Una situazione paradossale che colpisce le donne con la pensione da casalinghe, che non ricevono certo pensioni privilegiate. A denunciarlo è Francesca Pastella, presidente del Circolo anziani di Mas e Peron e protagonista della vicenda.
«Mi sono recata alle Acli per la compilazione del modello 730 congiunto con mio marito e al termine dei conteggi, sorpresa, non sono più a carico per 20 euro», contesta la presidente del Circolo anziani. «Quindi mio marito ha perso il diritto a detrarre le spese sanitarie che mi riguardano, quest’anno cospicue per cure dentarie, e sulla pensione di agosto l’Inps gli ha prontamente detratto 754 euro per i miei assegni familiari indebitamente percepiti nel 2023».
«Tutto questo si è verificato a causa degli aumenti alla mia pensione che ammonta oggi a 205,04 euro mensili», sottolinea Francesca Pastella, «quindi con un reddito annuo di 2.860 euro».

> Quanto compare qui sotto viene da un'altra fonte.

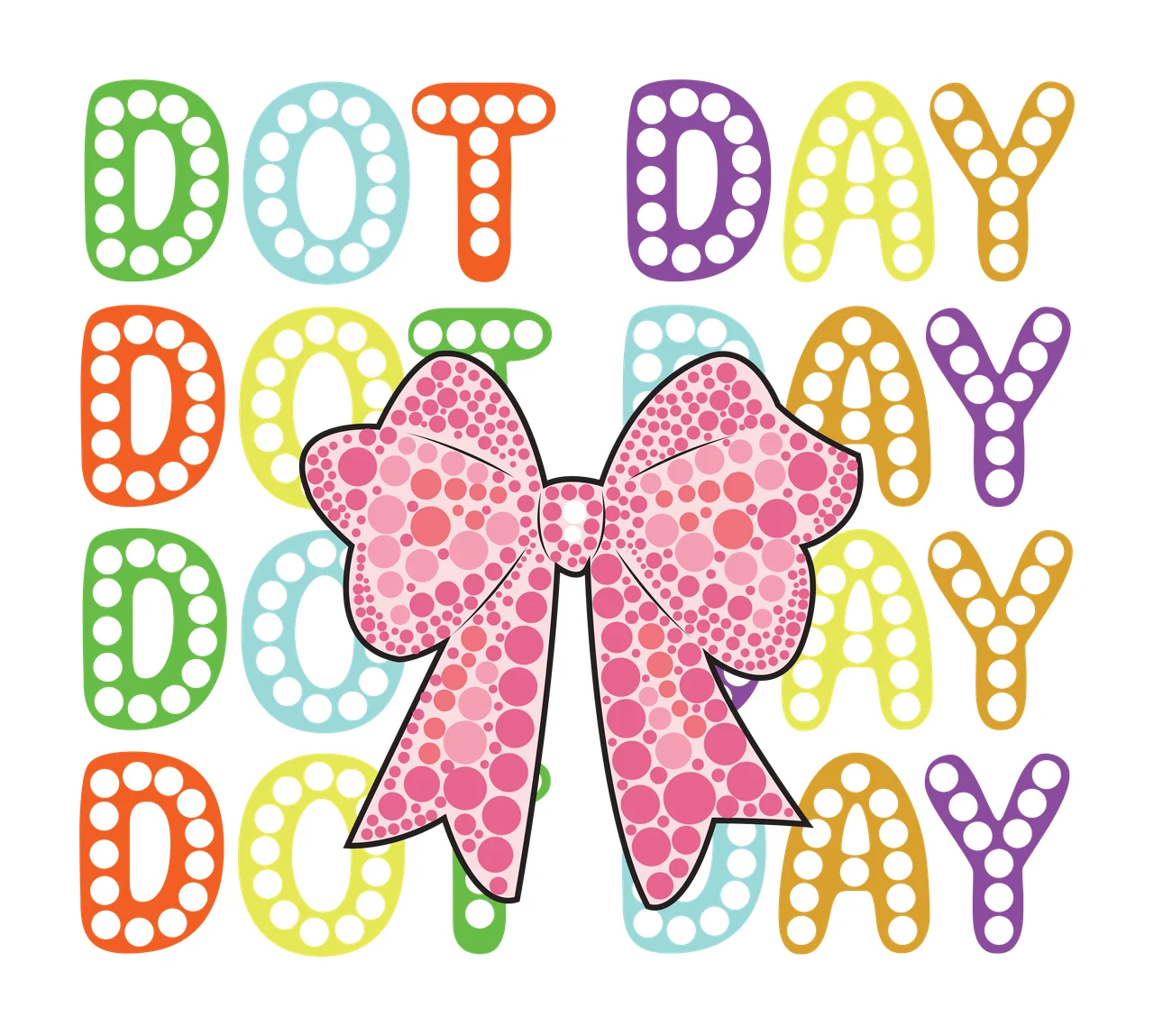 Dot Day Pattern With Central Bow Decoration dots black white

Una situazione paradossale, dunque, quella che si è trovata a vivere in prima persona la presidente del Circolo anziani.
«Voglio che qualcuno mi chiarisca il perché fra tante riforme pensionistiche da quando nel 2000 è entrato l’euro non è mai stata aggiornata la cifra di 2.640 euro per cui una moglie rimane a carico del marito», contesta infatti la battagliera presidente degli anziani di Mas e Peron.
«Quando sento parlare di pensioni sociali e minime di 500 euro che dovrebbero essere aumentate mi chiedo come viene valutata la mia – irrisoria? – e quindi neppure degna di essere considerata».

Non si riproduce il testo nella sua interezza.